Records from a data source
=== Begin Enclosure ===
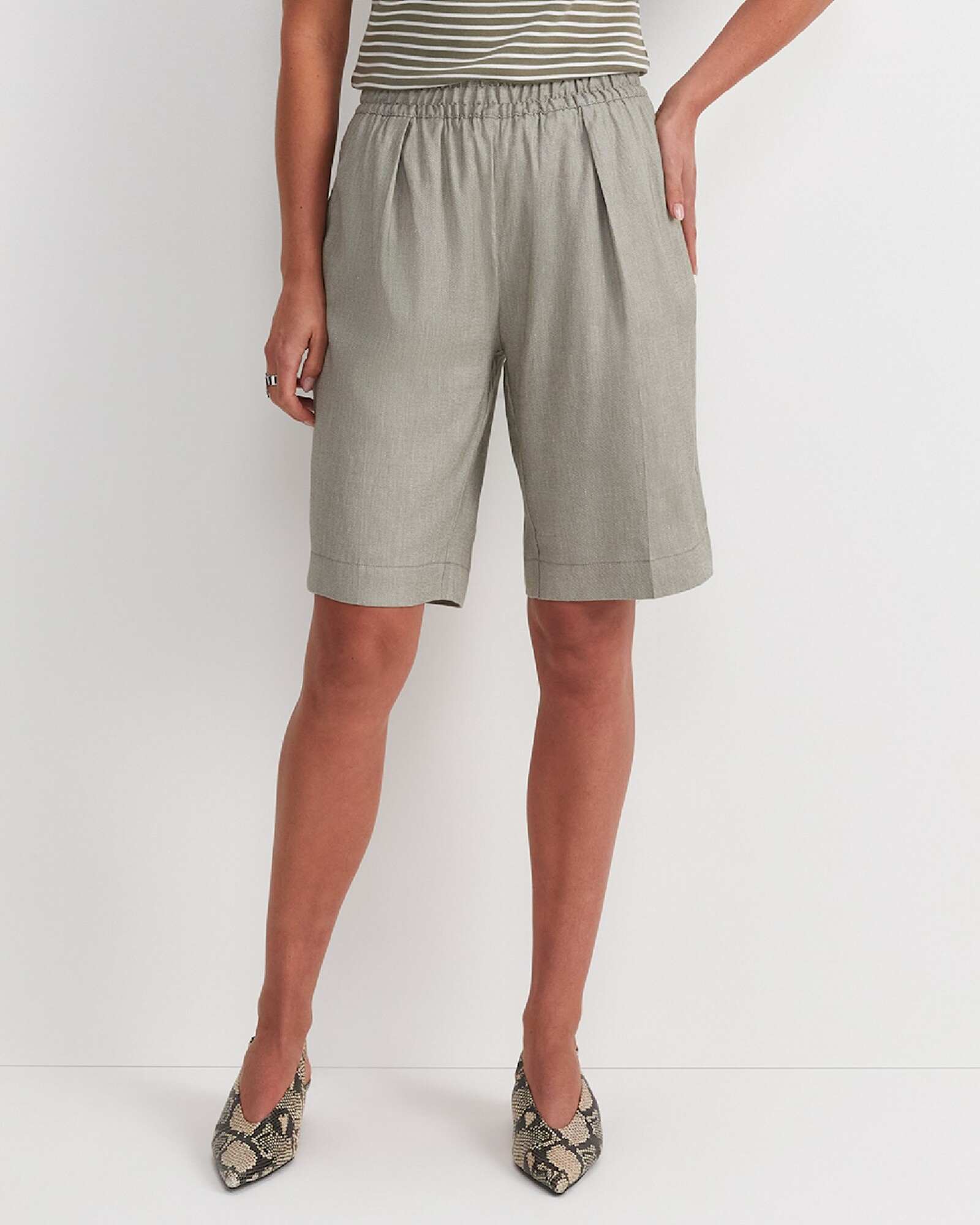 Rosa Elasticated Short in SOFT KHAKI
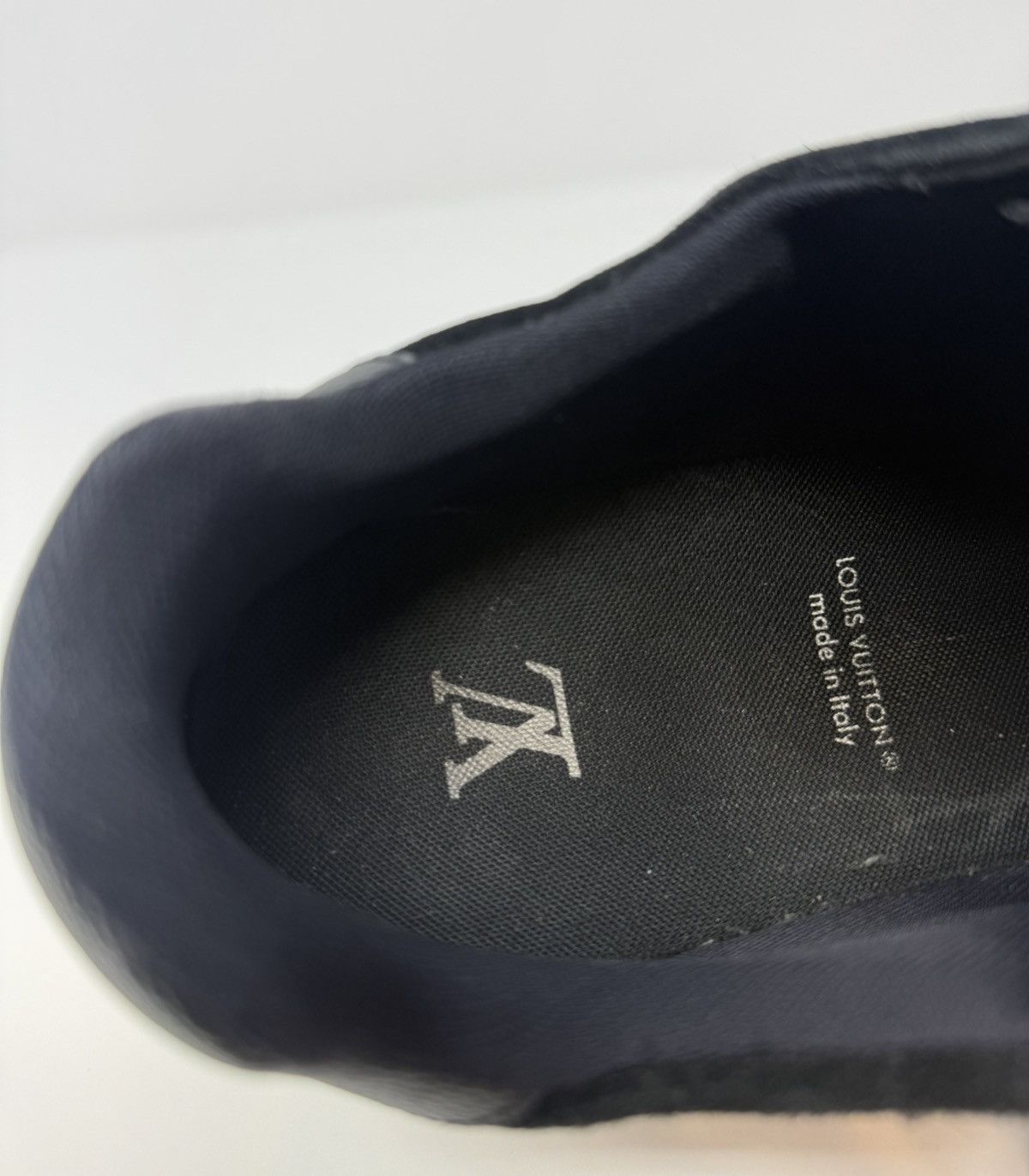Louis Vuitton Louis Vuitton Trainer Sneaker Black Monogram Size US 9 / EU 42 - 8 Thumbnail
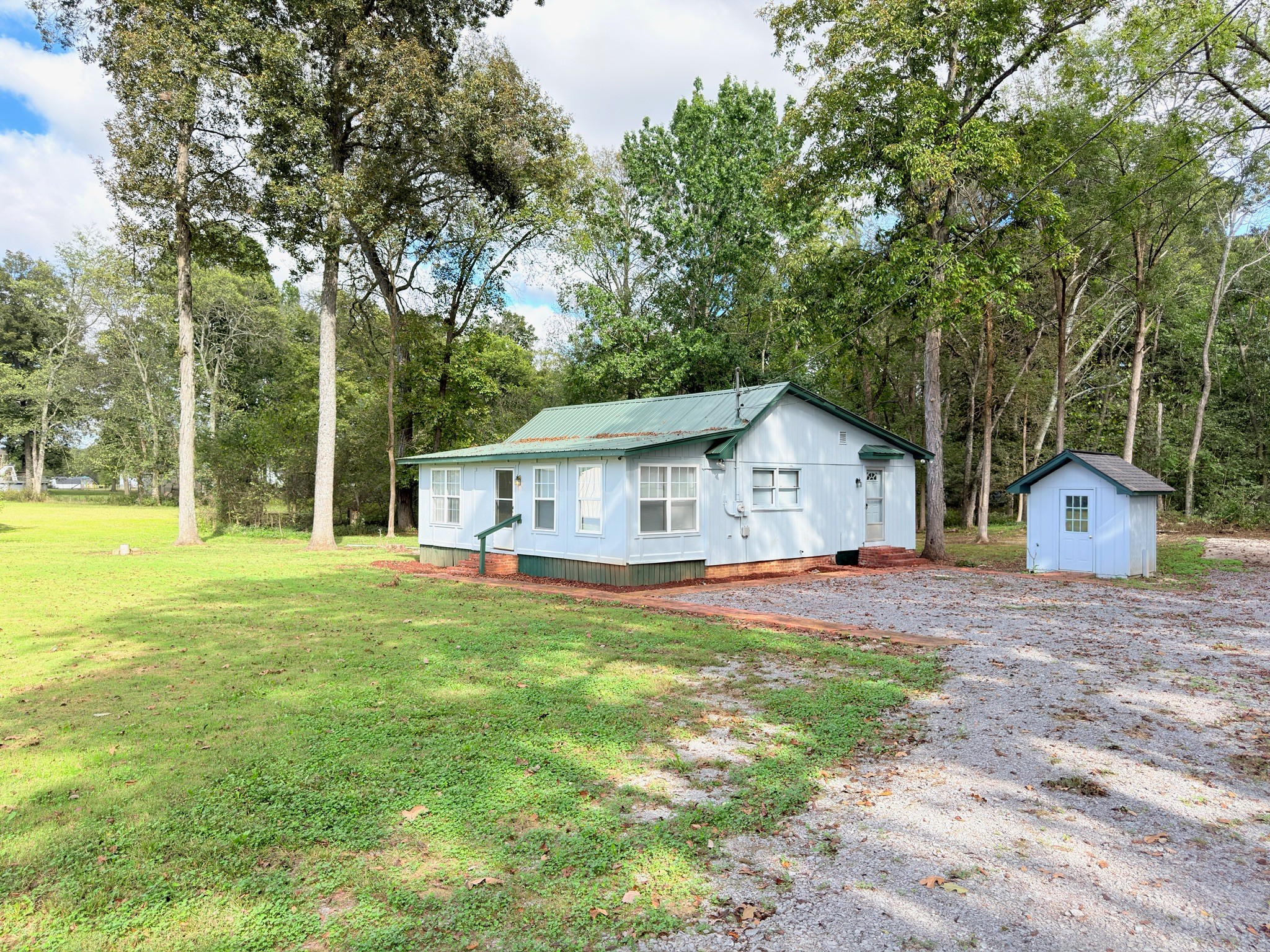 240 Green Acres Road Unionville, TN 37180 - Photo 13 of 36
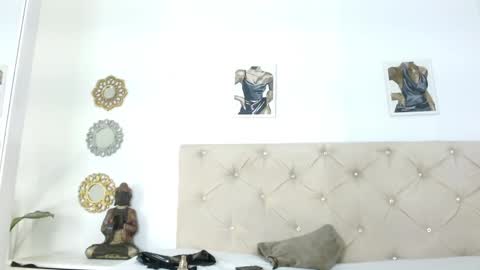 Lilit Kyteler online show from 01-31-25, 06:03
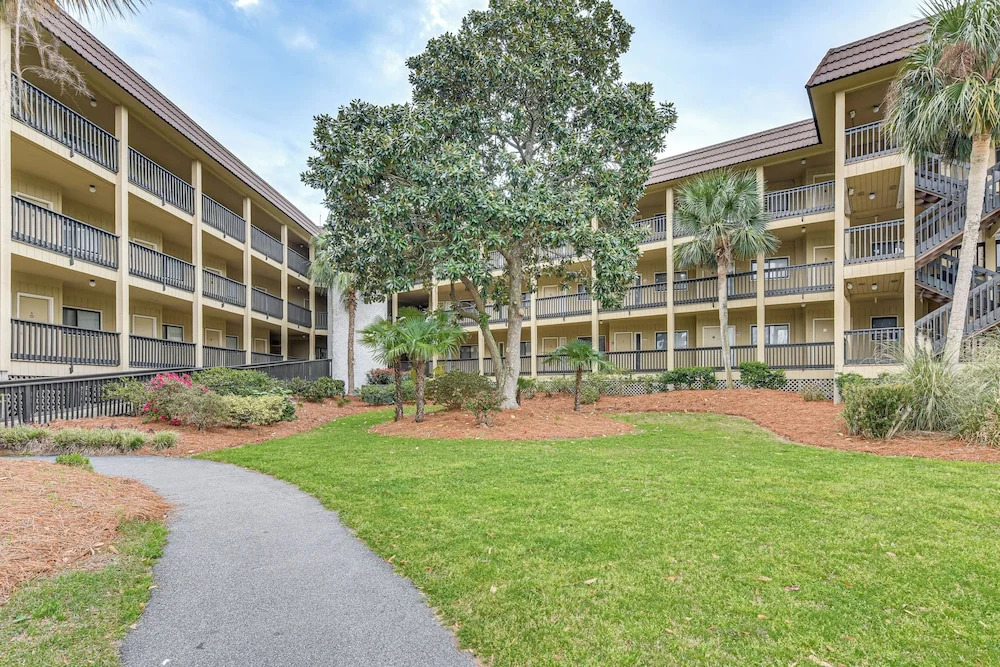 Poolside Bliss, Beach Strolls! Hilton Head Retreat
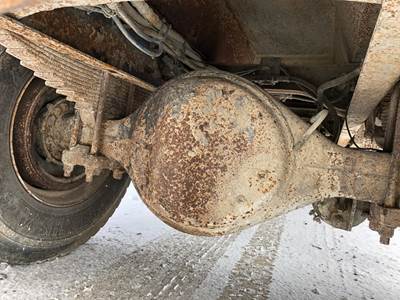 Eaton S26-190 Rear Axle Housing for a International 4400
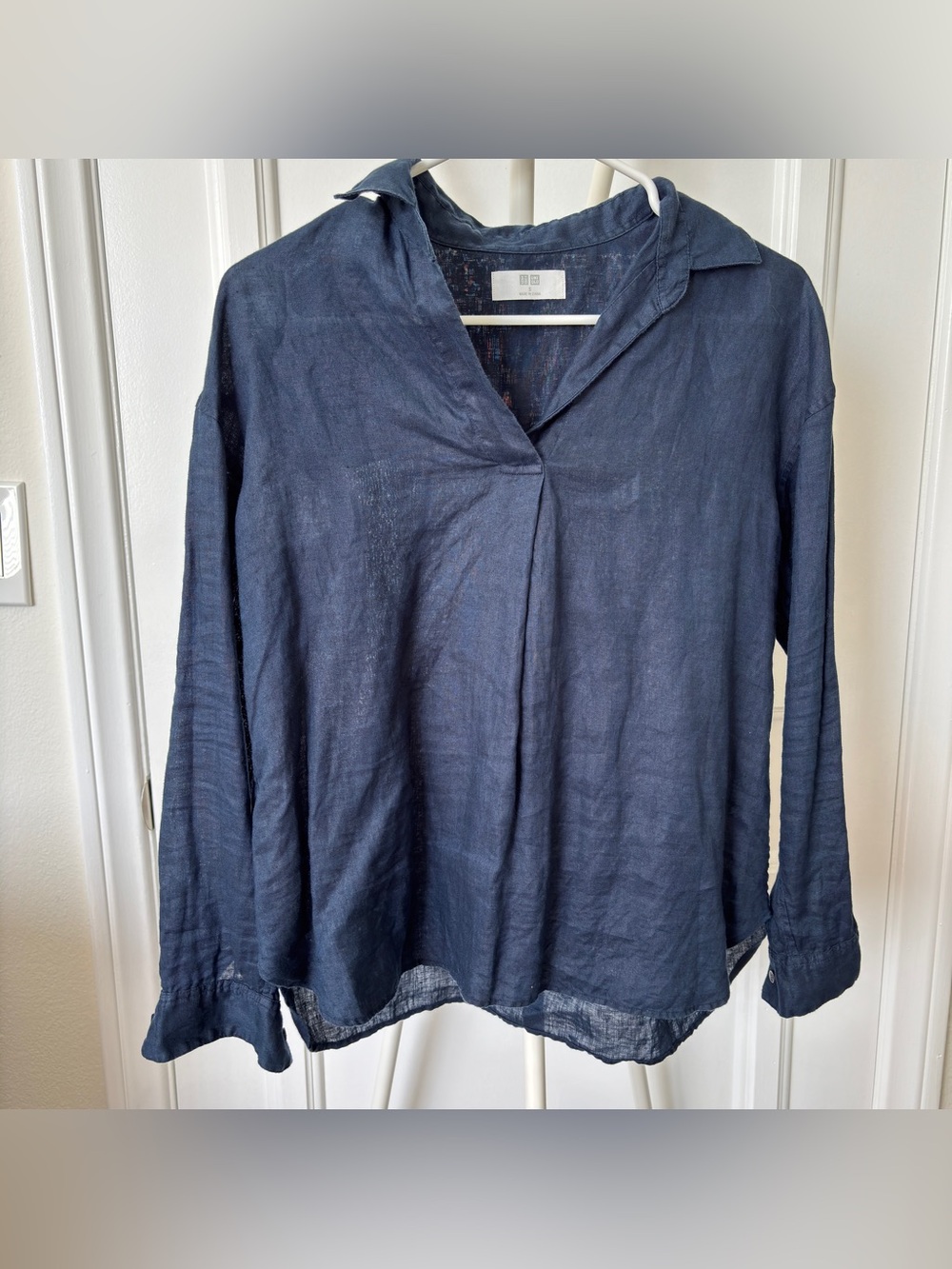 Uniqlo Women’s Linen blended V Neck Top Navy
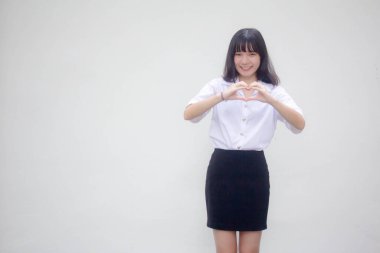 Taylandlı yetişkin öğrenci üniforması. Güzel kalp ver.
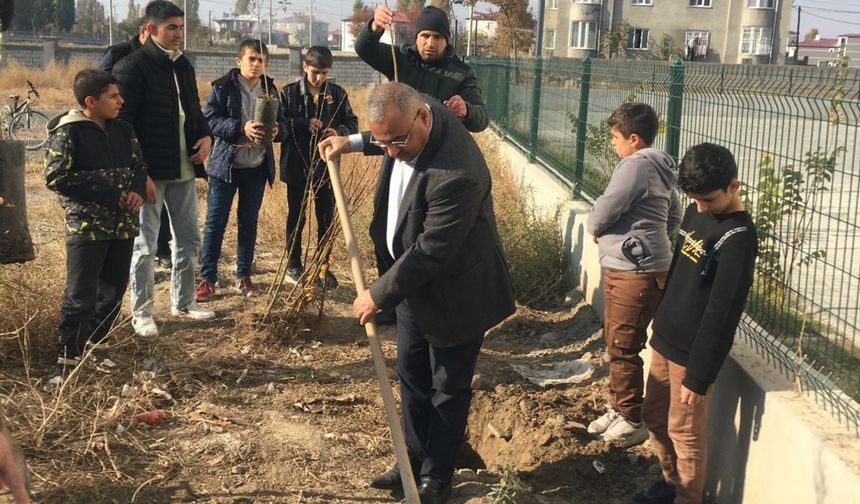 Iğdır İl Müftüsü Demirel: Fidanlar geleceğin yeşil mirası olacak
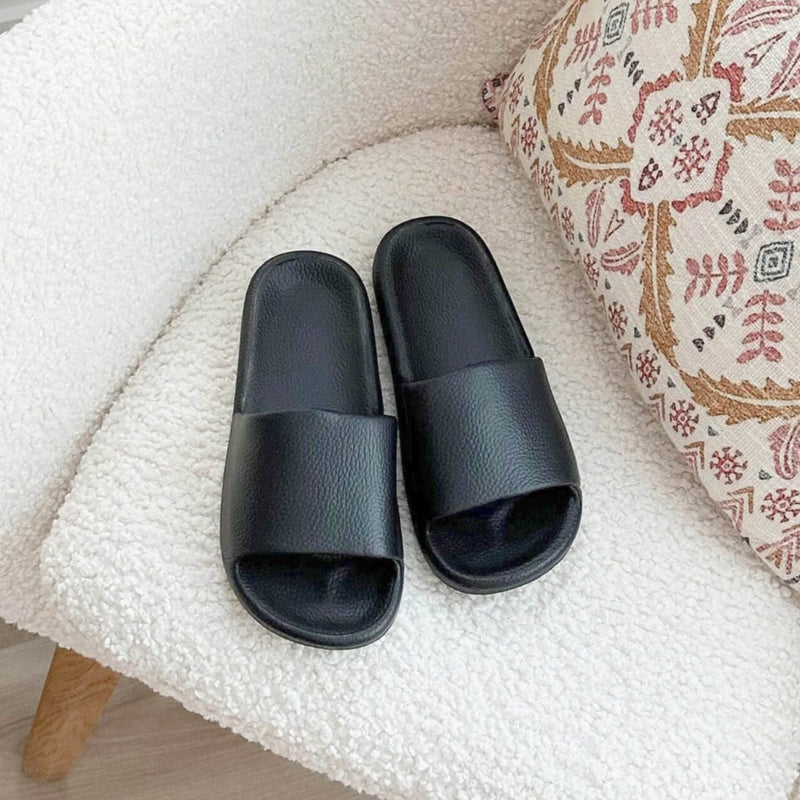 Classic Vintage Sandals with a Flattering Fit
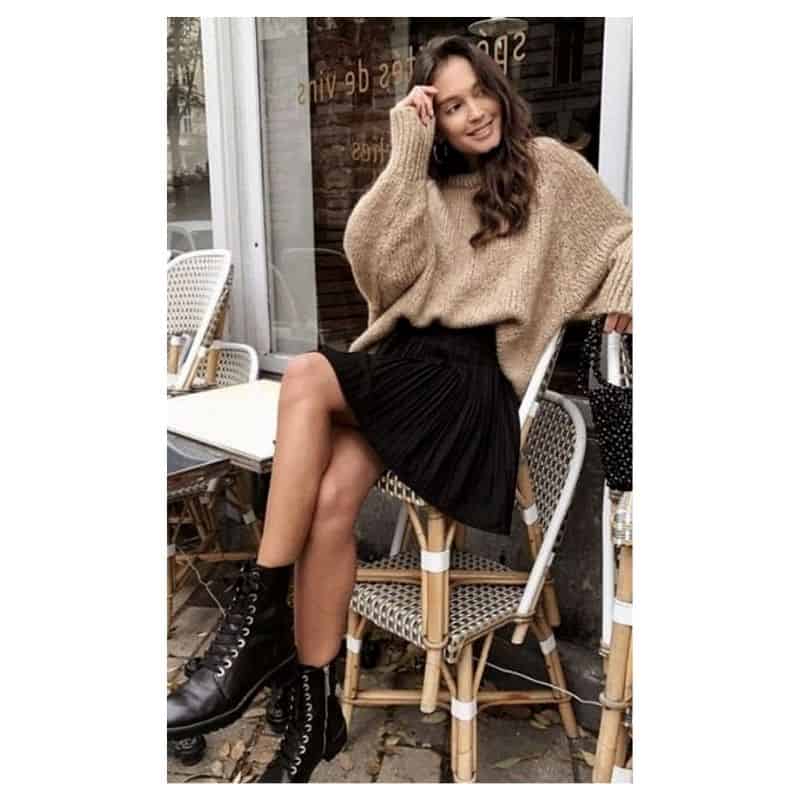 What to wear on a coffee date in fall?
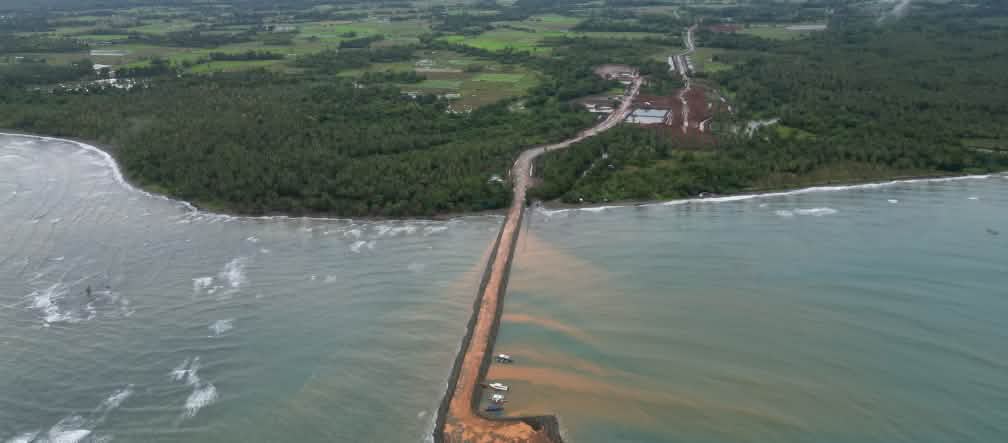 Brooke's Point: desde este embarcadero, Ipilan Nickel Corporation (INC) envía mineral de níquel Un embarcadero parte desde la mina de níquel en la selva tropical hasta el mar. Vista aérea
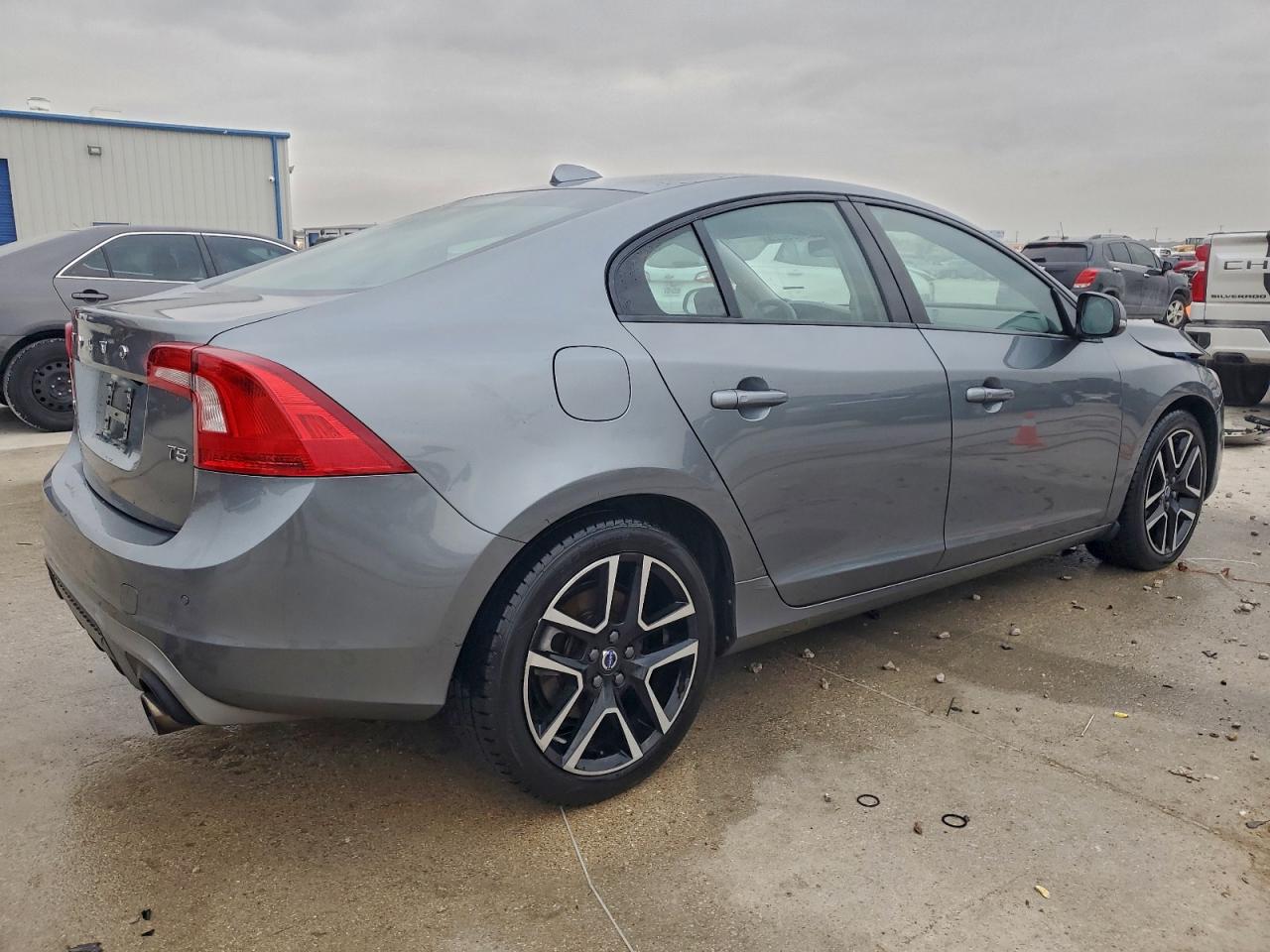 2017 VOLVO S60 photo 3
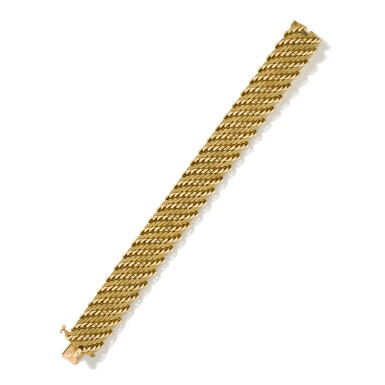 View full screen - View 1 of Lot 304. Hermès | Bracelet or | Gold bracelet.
=== End Enclosure ===
• Task to carry out: Only the lines above starting with the line with "What to wear on a coffee date in fall?" and going on through the line with "2017 VOLVO S60 photo 3" belong in the answer; repeat them exactly, minus any picture.

• The completed task:
 What to wear on a coffee date in fall?
 Brooke's Point: desde este embarcadero, Ipilan Nickel Corporation (INC) envía mineral de níquel Un embarcadero parte desde la mina de níquel en la selva tropical hasta el mar. Vista aérea
 2017 VOLVO S60 photo 3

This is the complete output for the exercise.